Hessian Matrix of the Negative Log-Likelihood for the McDonald (Mc)/Beta Power Distribution

Computes the analytic 3x3 Hessian matrix (matrix of second partial derivatives) of the negative log-likelihood function for the McDonald (Mc) distribution (also known as Beta Power) with parameters gamma ($\gamma$), delta ($\delta$), and lambda ($\lambda$). This distribution is the special case of the Generalized Kumaraswamy (GKw) distribution where $\alpha = 1$ and $\beta = 1$. The Hessian is useful for estimating standard errors and in optimization algorithms.

Usage

hsmc(par, data)

Arguments

par: A numeric vector of length 3 containing the distribution parameters in the order: gamma ($\gamma > 0$), delta ($\delta \ge 0$), lambda ($\lambda > 0$).
data: A numeric vector of observations. All values must be strictly between 0 and 1 (exclusive).

Value

Returns a 3x3 numeric matrix representing the Hessian matrix of the negative log-likelihood function, $-\partial^2 \ell / (\partial \theta_i \partial \theta_j)$, where $\theta = (\gamma, \delta, \lambda)$. Returns a 3x3 matrix populated with NaN if any parameter values are invalid according to their constraints, or if any value in data is not in the interval (0, 1).

Details

This function calculates the analytic second partial derivatives of the negative log-likelihood function ($-\ell(\theta|\mathbf{x})$). The components are based on the second derivatives of the log-likelihood $\ell$ (derived from the PDF in dmc).

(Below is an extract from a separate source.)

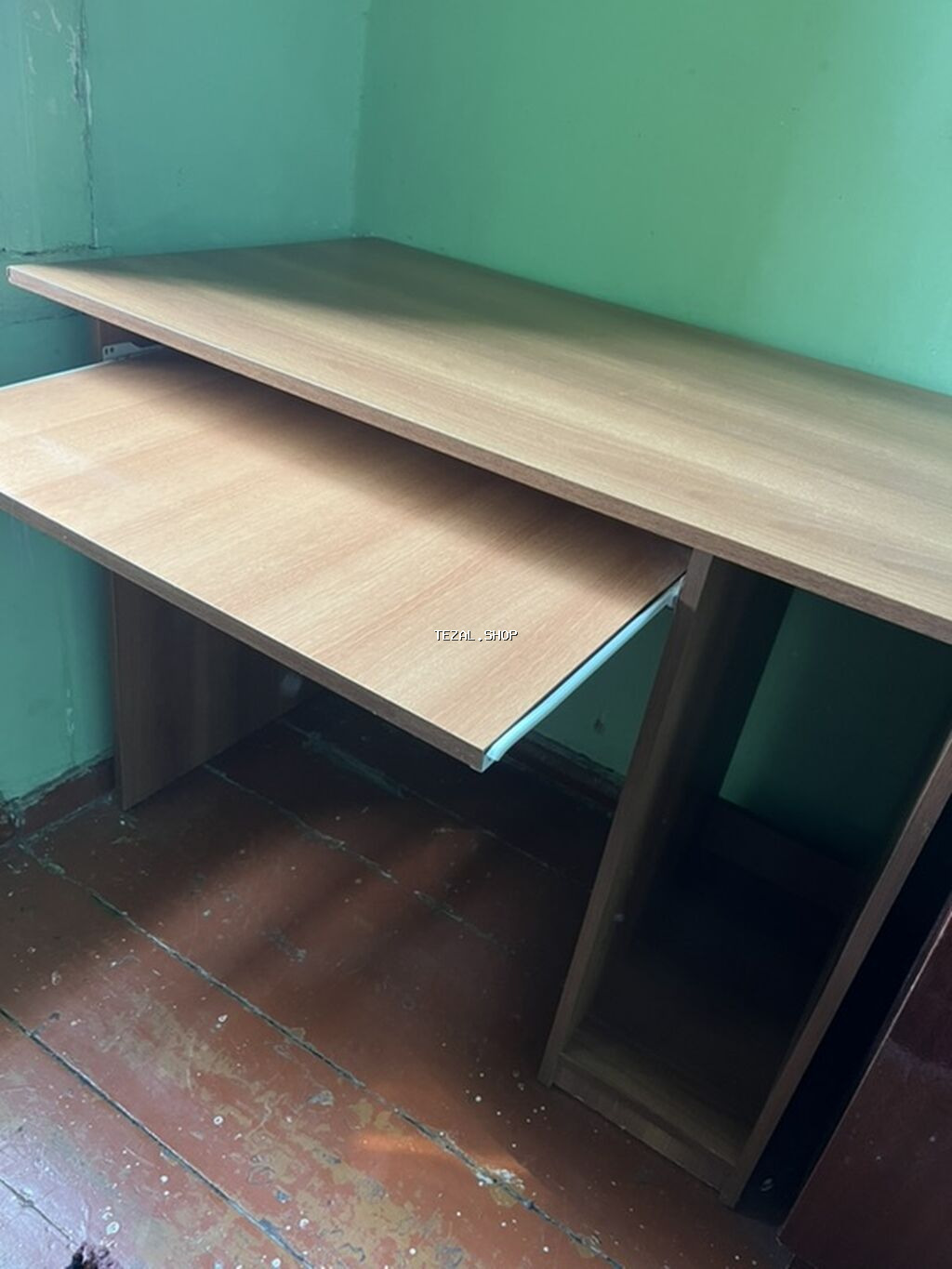 Düz masa, Polkalı, Siyirməli, DSP, Zəmanətsiz, Kredit yoxdur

Note: The formulas below represent the second derivatives of the positive log-likelihood ($\ell$). The function returns the negative of these values. Users should verify these formulas independently if using for critical applications.

$$ \frac{\partial^2 \ell}{\partial \gamma^2} = -n[\psi'(\gamma) - \psi'(\gamma+\delta+1)] $$ $$ \frac{\partial^2 \ell}{\partial \gamma \partial \delta} = -n\psi'(\gamma+\delta+1) $$ $$ \frac{\partial^2 \ell}{\partial \gamma \partial \lambda} = \sum_{i=1}^{n}\ln(x_i) $$ $$ \frac{\partial^2 \ell}{\partial \delta^2} = -n[\psi'(\delta+1) - \psi'(\gamma+\delta+1)] $$ $$ \frac{\partial^2 \ell}{\partial \delta \partial \lambda} = -\sum_{i=1}^{n}\frac{x_i^{\lambda}\ln(x_i)}{1-x_i^{\lambda}} $$ $$ \frac{\partial^2 \ell}{\partial \lambda^2} = -\frac{n}{\lambda^2} - \delta\sum_{i=1}^{n}\frac{x_i^{\lambda}[\ln(x_i)]^2}{(1-x_i^{\lambda})^2} $$

where $\psi'(\cdot)$ is the trigamma function (trigamma). (Note: The formula for $\partial^2 \ell / \partial \lambda^2$ provided in the source comment was different and potentially related to the expected information matrix; the formula shown here is derived from the gradient provided earlier. Verification is recommended.)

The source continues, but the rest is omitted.